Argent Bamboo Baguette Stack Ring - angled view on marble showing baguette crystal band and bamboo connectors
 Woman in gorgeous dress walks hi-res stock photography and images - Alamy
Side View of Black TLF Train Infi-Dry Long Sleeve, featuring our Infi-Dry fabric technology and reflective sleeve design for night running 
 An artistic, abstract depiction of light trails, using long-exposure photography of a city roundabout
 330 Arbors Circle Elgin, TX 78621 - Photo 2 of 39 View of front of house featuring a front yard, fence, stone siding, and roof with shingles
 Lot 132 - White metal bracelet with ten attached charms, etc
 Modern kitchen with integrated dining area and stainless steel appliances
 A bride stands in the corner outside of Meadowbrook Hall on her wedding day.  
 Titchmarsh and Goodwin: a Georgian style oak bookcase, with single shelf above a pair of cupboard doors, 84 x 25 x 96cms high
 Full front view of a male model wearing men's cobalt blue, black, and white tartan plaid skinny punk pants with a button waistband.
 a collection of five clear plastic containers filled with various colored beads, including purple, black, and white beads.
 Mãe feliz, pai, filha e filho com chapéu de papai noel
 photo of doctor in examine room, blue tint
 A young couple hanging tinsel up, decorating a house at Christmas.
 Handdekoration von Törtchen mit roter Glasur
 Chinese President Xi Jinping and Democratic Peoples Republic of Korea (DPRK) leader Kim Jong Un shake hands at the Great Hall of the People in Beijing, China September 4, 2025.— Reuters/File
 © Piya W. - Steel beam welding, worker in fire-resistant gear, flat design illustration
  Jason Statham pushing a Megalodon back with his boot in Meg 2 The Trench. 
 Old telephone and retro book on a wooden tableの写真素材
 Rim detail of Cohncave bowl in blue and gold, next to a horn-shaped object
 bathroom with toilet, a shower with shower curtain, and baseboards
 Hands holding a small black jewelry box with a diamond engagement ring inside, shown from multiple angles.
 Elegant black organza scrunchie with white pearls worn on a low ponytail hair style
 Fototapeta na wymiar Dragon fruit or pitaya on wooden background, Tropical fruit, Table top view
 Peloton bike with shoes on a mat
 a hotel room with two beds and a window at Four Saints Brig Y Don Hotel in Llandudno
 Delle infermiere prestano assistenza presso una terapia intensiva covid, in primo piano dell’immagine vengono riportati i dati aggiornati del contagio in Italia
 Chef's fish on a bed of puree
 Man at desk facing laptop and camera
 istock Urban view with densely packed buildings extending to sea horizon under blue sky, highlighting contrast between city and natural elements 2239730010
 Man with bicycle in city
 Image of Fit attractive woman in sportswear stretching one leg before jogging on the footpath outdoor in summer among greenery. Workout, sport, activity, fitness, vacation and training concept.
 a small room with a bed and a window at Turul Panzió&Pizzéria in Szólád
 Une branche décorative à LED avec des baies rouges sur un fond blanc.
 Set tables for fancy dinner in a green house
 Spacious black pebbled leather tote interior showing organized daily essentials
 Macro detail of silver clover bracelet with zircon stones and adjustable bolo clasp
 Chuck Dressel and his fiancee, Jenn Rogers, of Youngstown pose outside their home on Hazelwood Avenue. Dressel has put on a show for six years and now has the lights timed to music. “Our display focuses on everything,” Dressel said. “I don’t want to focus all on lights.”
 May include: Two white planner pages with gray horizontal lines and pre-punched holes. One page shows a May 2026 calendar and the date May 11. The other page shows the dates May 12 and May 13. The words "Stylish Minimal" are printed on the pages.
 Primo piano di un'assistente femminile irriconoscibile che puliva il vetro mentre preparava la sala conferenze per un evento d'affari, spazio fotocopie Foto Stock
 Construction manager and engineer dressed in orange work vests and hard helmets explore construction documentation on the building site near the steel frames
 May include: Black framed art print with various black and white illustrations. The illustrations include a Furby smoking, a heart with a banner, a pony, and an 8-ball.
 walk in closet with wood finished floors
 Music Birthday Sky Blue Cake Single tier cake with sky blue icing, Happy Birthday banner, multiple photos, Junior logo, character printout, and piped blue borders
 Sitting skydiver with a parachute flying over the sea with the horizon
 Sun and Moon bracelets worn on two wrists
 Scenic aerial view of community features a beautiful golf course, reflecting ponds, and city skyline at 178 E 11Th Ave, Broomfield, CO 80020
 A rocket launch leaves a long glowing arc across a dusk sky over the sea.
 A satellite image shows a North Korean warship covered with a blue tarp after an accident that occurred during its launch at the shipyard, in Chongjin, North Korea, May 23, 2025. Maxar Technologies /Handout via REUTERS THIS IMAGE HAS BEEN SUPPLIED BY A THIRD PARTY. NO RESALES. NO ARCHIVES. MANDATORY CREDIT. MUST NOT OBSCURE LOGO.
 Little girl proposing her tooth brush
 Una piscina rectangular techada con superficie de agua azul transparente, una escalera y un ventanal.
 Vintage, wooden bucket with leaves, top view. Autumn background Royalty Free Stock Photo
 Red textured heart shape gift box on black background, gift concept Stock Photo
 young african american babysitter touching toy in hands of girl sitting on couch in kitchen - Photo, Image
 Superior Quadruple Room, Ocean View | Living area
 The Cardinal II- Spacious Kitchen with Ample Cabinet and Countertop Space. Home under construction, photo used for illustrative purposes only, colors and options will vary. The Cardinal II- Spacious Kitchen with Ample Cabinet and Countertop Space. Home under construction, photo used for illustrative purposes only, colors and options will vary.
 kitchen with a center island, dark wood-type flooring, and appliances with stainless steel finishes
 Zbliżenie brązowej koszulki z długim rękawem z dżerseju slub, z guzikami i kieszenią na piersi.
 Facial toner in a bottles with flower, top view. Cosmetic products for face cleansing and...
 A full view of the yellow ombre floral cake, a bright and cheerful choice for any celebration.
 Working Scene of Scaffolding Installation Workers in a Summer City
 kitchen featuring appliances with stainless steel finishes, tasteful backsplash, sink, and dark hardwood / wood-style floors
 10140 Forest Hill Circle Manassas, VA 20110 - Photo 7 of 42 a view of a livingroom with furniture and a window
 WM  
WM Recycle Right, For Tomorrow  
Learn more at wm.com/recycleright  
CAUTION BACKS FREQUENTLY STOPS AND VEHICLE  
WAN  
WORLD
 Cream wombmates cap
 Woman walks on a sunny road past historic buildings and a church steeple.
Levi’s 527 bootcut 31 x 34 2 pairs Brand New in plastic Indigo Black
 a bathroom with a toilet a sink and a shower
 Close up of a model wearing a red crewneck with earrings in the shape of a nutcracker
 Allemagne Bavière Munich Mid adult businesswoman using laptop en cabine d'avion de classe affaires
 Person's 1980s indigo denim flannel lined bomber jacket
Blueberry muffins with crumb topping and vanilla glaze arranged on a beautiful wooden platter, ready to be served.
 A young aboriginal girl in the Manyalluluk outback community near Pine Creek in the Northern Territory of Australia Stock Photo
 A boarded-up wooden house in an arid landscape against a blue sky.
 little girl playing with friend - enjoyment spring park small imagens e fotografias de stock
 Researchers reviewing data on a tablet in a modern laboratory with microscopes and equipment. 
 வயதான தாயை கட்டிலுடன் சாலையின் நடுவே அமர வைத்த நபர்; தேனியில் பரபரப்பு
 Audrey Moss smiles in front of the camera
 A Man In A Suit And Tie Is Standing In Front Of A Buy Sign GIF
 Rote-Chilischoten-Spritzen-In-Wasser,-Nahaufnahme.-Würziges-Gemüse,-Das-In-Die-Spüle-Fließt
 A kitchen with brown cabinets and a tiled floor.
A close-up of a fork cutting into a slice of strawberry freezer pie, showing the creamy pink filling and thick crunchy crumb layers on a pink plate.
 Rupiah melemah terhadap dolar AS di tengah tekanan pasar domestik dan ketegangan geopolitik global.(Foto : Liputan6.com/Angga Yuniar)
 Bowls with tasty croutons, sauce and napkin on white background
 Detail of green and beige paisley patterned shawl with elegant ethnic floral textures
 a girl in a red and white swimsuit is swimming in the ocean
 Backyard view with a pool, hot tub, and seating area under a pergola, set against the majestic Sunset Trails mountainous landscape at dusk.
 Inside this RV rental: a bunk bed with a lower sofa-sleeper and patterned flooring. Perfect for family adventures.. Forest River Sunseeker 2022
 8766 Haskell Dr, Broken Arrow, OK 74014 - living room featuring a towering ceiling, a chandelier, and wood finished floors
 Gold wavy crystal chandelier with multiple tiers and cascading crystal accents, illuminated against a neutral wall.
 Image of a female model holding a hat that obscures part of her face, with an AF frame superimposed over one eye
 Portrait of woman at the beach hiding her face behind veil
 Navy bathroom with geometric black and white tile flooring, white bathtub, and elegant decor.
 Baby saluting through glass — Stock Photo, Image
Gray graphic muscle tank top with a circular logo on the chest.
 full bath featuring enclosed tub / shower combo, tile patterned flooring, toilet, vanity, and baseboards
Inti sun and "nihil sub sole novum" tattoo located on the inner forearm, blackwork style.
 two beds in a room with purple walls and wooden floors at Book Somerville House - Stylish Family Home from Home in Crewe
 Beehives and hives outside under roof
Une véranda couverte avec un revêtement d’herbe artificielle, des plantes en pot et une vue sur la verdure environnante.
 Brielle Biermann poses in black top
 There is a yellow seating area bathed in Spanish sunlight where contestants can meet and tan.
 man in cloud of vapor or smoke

#### Your assignment:
Lines to set down from above: the line with "Facial toner in", the line with "Working Scene of", and every line between, each exactly as written.

#### The answer:
 Facial toner in a bottles with flower, top view. Cosmetic products for face cleansing and...
 A full view of the yellow ombre floral cake, a bright and cheerful choice for any celebration.
 Working Scene of Scaffolding Installation Workers in a Summer City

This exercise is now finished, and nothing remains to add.